In 1960, Parker met actor Bradford Dillman on the set of their 1960 movie, A Circle of Deception. She was still married to de la Salle but no longer living with him. Bradford was ending his first marriage and dating Juliette Greco at the time. Parker obtained a divorce and married Bradford in 1963 on board a boat at sea. She changed her name to Suzy Parker Dillman following the marriage.

1963

After marrying Dillman in 1963, then receiving injuries in a car accident in 1964, Parker mostly retired from modeling and acting to be a stepmother to Jeffrey and Pamela. Parker enjoyed being a stay at home mother and like her sister Dorian, who was a Cordon Bleu-level chef, Parker was an excellent cook.

1965

Parker had three more children with Bradford: daughter Dinah (born 1965) and sons Charlie (born 1967) and Christopher (born 1969). The family lived in Bel Air, Los Angeles, until Dinah was bitten by a rattlesnake in the yard and almost died. They then moved to Montecito in the Santa Barbara area, where Suzy remained until her death in 2003.

1970

Parker's last role was in a 1970 episode of Night Gallery. She did, in a way, make one other film "appearance" in The Beatles' 1970 documentary film Let It Be, in which the band performed their song "Suzy Parker". The song, one of the few credited as written by all four Beatles, was part of their Academy Award-winning score for the original songs they performed in the film.

1977

After recovering from her injuries, Parker became pregnant and de la Salle left. She said, "He didn't want to be a father. I already hired a nanny... he was gone, history." She gave birth to their daughter Georgia Belle Florian Coco Chanel de la Salle in December 1959, whose godmother was close friend Coco Chanel. Parker named her daughter after her older sisters Georgiabell and Florian and purposely left Dorian Leigh's name off. Dorian and Parker feuded for many years, as Parker was fed up with Leigh's promiscuous lifestyle and her not taking care of her children.
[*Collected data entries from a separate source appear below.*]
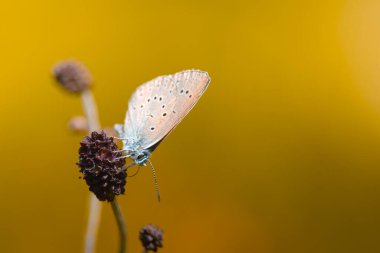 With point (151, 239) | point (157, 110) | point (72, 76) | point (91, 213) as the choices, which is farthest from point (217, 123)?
point (151, 239)

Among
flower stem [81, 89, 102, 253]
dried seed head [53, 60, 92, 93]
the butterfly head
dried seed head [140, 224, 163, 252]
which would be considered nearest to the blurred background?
dried seed head [53, 60, 92, 93]

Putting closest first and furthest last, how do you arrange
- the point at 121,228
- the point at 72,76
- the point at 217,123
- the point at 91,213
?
the point at 121,228 → the point at 91,213 → the point at 72,76 → the point at 217,123

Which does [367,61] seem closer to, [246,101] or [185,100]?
[246,101]

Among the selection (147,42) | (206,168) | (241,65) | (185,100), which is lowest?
(185,100)

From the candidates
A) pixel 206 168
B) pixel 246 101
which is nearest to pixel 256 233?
pixel 206 168

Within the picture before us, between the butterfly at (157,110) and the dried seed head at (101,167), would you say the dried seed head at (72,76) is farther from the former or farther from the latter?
the dried seed head at (101,167)

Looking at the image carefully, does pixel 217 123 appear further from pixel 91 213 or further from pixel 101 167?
pixel 101 167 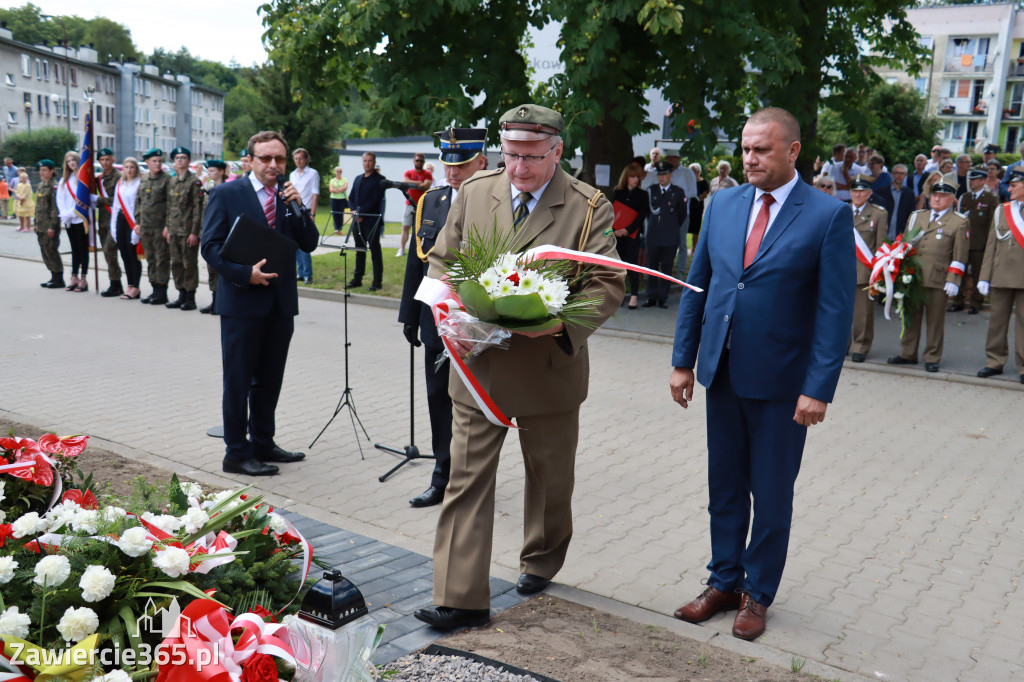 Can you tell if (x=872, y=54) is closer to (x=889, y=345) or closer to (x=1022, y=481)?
(x=889, y=345)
A March 14, 1977, People magazine article featured Parker trying to launch her then 17-year-old daughter Georgia as a model. However, Georgia modeled only a few times during and after college.

1990

Parker had long suffered from allergies and, in the 1990s, developed ulcers. During surgery for an ulcer, her vital signs disappeared on the operating table, but she was resuscitated. She never fully recovered and developed more ulcers and diabetes. She had multiple hip surgeries, and then her kidneys began to fail. She spent the last five years of her life in and out of the hospital.

2003

Parker decided to end dialysis treatments. She returned home and died at age 70 surrounded by family at her orchard in Montecito on May 3, 2003. Her husband, Bradford Dillman, died in 2018 at age 87.